In the days that followed the liberation of Paris, elation soon gave way to the familiar driving anxiety. Hitler had been dealt a major defeat, and for a brief moment, it had seemed that after years of devastation and struggle, Europe was finally rising up and shaking off the chains of German occupation. In the days that followed, Toulon, Marseilles, and Brussels were liberated in rapid succession, and the battle for France seemed almost over. Allied forces were poised to advance into Germany. But then, as so many times before when the scientists had allowed themselves to believe the end was in sight, progress stalled. American and British paratroopers dropped behind enemy lines at Arnhem were killed and captured in staggering numbers as the German reinforcements surrounded them. Their grief at the numbers of men who lay dead on the bridges over the Rhine was compounded by the losses on the beaches of Guam. In the last bittersweet days of summer, their spirits rose and sank with every new radio dispatch, and the slender hope that what they were working on at Los Alamos might not be needed after all flickered and went out.

FOURTEEN

A Bad Case of the Jitters

A
N EARLY
S
EPTEMBER
frost turned the aspens lining the road to Los Alamos brilliant yellow overnight.
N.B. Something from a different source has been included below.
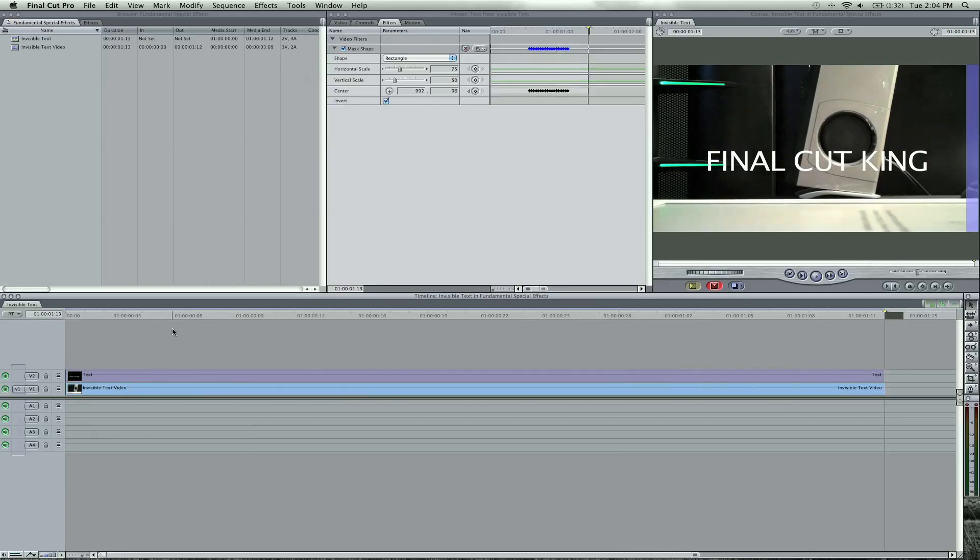And there's the invisible text effect in Final Cut Pro. Play along with this tutorial with the footage, invisible text, and you will learn a little bit more about keyframing and the mask.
The summer holiday was over, and it was with a feeling of relief that Dorothy packed Kevin off to school. He and some teenage pals had recently gone joyriding around the Plaza and had been hosing down bystanders with large bottles of seltzer before being apprehended by two MPs. Dorothy had been called down to the local jail and had had to do some fast talking to smooth things over. It was Fiesta time in Santa Fe again. The scientists piled into cars and went to see the traditional Corn Dances in San Ildefonso, and the triumphant return of the conquistadors, a colorful pageant that was reenacted every year in the Plaza. The entire British mission, almost to a man, begged for that Saturday off so they could join in the ritual festivities. For three days, everyone in town donned costumes and their best silver and turquoise jewelry, including Dorothy, who raised eyebrows by coming to work at 109 in long, brightly patterned Navajo skirts and white fiesta blouses. Since the scientists were supposed to remain apart from the locals, they refrained from dressing up, but, as she pointed out, they looked more conspicuous than ever on the crowded streets among the Indians, señores, señoritas, singers, and dancing clowns.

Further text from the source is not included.